Funny coincidence, and I’m here too.

She turned, startled, and there he was near the poetry section, a grin tugging at his mouth.

“You planned this,” she accused lightly.

“Maybe a little,” he admitted. “Is that okay?”

Jordan hesitated, then nodded. “Yeah. It is.”

They wandered the aisles together, shoulders brushing, conversation flowing easily. Calloway asked about her writing, and something she’d abandoned years ago without quite knowing

Why?

“You were good,” he said. “You never stopped being good.”

“I stopped trying,” she replied.

“Why?”

She shrugged. “Life got busy.”

He looked at her the way he had at coffee. Like he saw the lie layered over the truth. “Or someone made you feel like it didn’t matter.”

The words hit harder than she expected.

Jordan swallowed. “Jay’s not a bad man.”

“I didn’t say he was.”

“But…..”

“Jordan,” Calloway said gently, “you don’t have to defend him to me.”

She looked away, emotion pressing at the back of her throat.
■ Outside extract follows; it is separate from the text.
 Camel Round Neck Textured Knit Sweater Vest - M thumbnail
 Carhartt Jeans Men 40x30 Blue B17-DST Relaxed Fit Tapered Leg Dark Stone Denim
No one had ever said that to her before.

They stood in silence for a moment, the kind that didn’t feel heavy.

“I should go,” she said finally. “Before this gets… complicated.”
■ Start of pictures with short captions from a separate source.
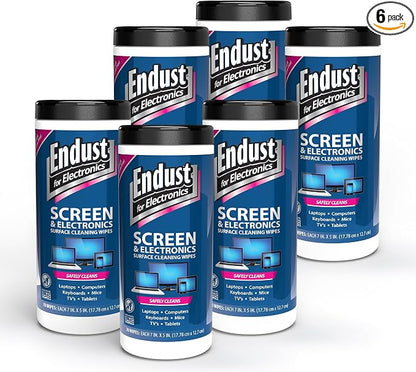 Endust For Electronics; Screen & Surface Cleaning Wipes, For TV, Phone, Computer Monitor, Laptop, Tablet, Pre-Moistened, Alcohol and Ammonia Free, 70 Count, 6 Pack (11506P6)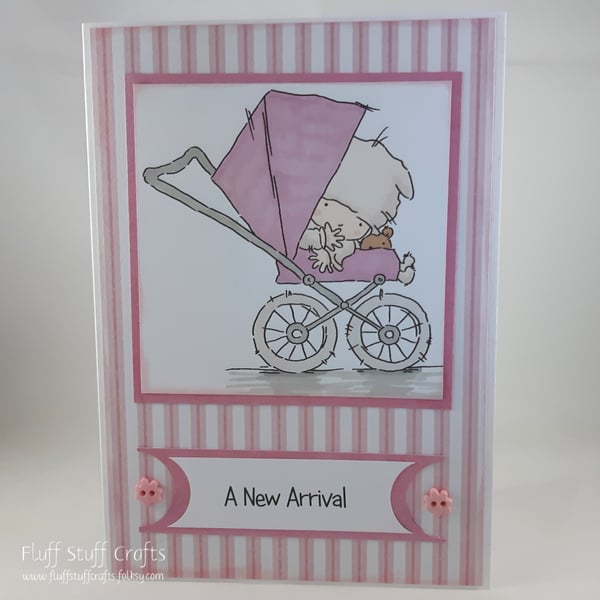Handmade, pink, new baby card - baby in pram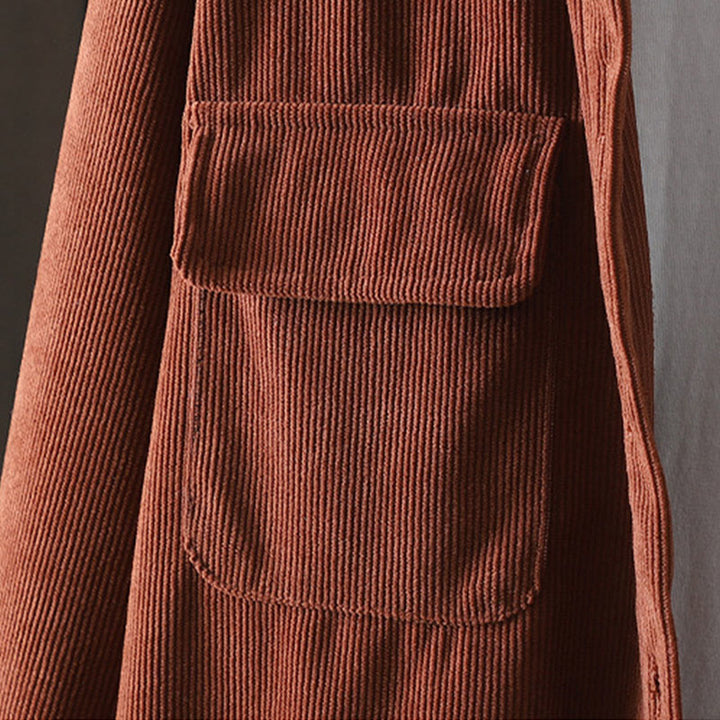 Kurtka damska z długim rękawem i kieszeniami z tkaniny sztruksowej Buddha Stones Corduroy - image 10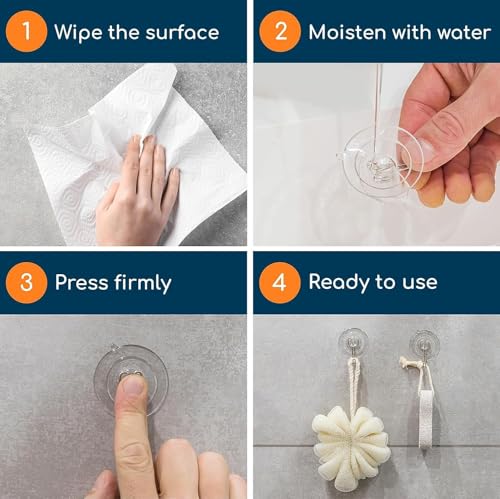 Image of GLUIT Adhesive Wall Hooks for Hanging Heavy Duty 22 lbs Hooks for Walls No Drill, Towel Sticky Clear Hook, Waterproof, Home, Bathroom, Kitchen, Office, and Outdoor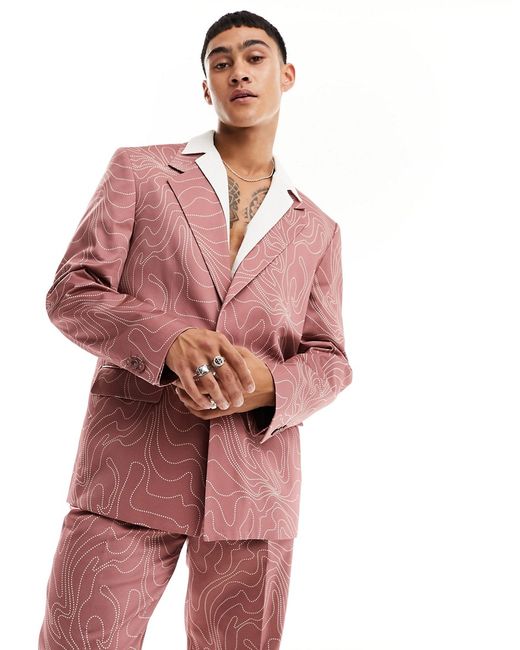 Viggo contour print suit jacket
Calloway nodded, disappointment flickering across his face but not turning into pressure. “I get it. Boundaries matter.”

She smiled faintly. “They do.”

As she left the store, Jordan felt something shift inside her. Not guilt. Not fear.

Awareness.

Jay noticed the changes before Jordan did.

“You seem distracted lately,” he said one evening, eyes following her as she moved around the kitchen.

“Am I?” she replied, stirring the pot absently.

“Yes.” He folded his arms. “You’re elsewhere.”

She looked at him then, really looked at him. “Maybe I just realized I don’t like being here all the time.”

The silence that followed was sharp.

Jay’s voice lowered. “Is this about Calloway?”

Jordan stiffened. “Why does everything come back to him with you?”

“Because he’s a variable,” Jay snapped. He exhaled, reining himself in. “And variables create problems.”

“I’m not a case,” she said quietly. “You don’t get to manage me like one.”

His eyes hardened. “You’re my wife.”

“And I’m still a person.”

The argument hovered, dangerous and unresolved. Jay turned away first, retreating into silence like armor.

Jordan stood alone in the kitchen, hands trembling slightly.

Later, when her phone buzzed with another message from Calloway, she didn’t answer right away.

She stared at the screen, at the thin line she was approaching without quite crossing.

She knew this wasn’t innocent anymore, and not because of anything they’d done, but because of what it was becoming.

A mirror.

A contrast.

A reminder of everything she’d lost without realizing it.

Jordan set the phone face down and pressed her palms to the counter, breathing through the ache in her chest.

She wasn’t betraying anyone.

Not yet.

But for the first time, she understood how it could happen.

And that understanding frightened her more than any mistake ever could.